Saturday, December 7, 2013

Teaching with "Connectedness"


I'm not a math person. In fact, I sat down to do some budgeting last night and after two attempts at trying to re-do my Christmas budget, I had a $1300 discrepancy between the two figures I calculated for Christmas cash. No joke! Luckily, my husband looked at my figures and found my mistake. Everything was fine and there was actually double the amount I projected.

It led my husband and I to talk about the discrepancy between our understanding of mathematics. While I got As, he definitely didn't. And yet as an adult, he can compute faster and more accurately than I can; I still struggle with math. I learned math by following steps, doing formulas, drilling a step-by-step method. I learned the how to do the problems, but not what they meant. My husband, on the other hand, can conceptualize, estimate, and apply to find an accurate solution to novel situations (not to mention our Christmas budget!). He learned math by conceptualizing it and connecting it to real situations; I learned math by following the teacher's directions.

According to Wikipedia, "In mathematics, connectedness is used to refer to various properties meaning, in some sense, "all one piece"." I think I may have talked about this in a college-level math class called "Dots, Coin Flips, and Probability" in regards to social networking and the 6-degrees of Kevin Bacon, but I'm not sure. But applying the idea of "all one piece" to education seems pretty important to me. It probably would have changed my concept of mathematics (not to mention my Christmas budget potential blunder!).

Connectedness in education isn't really a new idea. Thematic teaching, Teaching by Design, and Integrated Curriculum have all made their way into our education jargon in the last few decades. Schema theory is based on the idea we learn best this way, too.

While my role as reading specialist in my school is not really for me to perform as a typical literacy coach, one of my goals is to spark as much reflection as possible in the teachers I work with. Recently, many teachers have approached me with the struggle of planning curriculum to achieve balanced literacy while still meeting the demands of the district's requirements (and fitting in the umpteen assessments we have to give each month....). Connectedness has been my answer.

I believe in the need for connectedness in our teaching. As we plan our instruction, we need to begin with connecting reading and writing and move to connecting reading/writing with other content areas. Teaching thematically and/or with essential questions can help us to do this. But as a start, we can first examine how each aspect of our literacy block connects. 

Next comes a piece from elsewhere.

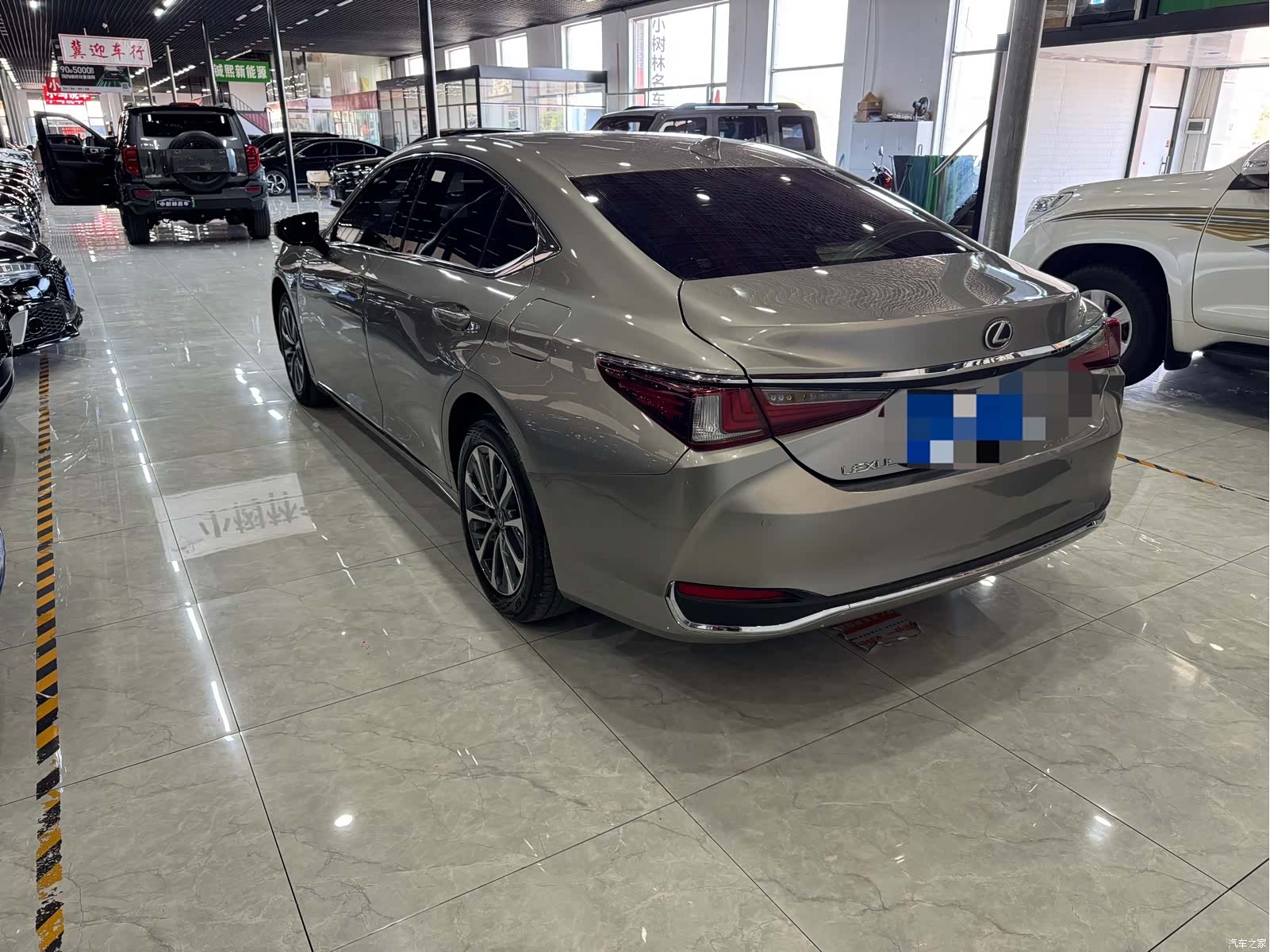 Lexus ES, 2024 7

If we teach reading how I learned math, our kids will continue to be able to define what a metaphor is but not understand how to interpret it in reading, explain its significance to a particular piece of text, why it is important in a greater economic/social/political context, and then apply it aptly in their own reading and writing. Knowing what a metaphor is isn't the point. Being able to read, write, and use rhetoric deftly and purposefully is. 

As teachers, we need to find opportunities to connect our curriculum to make it meaningful for our students. Not only will it help them to become better readers and writers, but it will enable us to "get it all in" as we balance district requirements with individual student needs (and still try to have a little fun!). 

This morning, the e-newsletter for Choice Literacy was in my inbox and featured these two articles by Franki Sibberson:
Sibberson shows how we can reach a sense of connectedness in teaching the elements of literacy. It's not enough to teach balanced literacy, but we need to connect each of the essential components of literacy as we teach them. Otherwise, we will be teaching reading like I was taught mathematics. And you saw where that got me!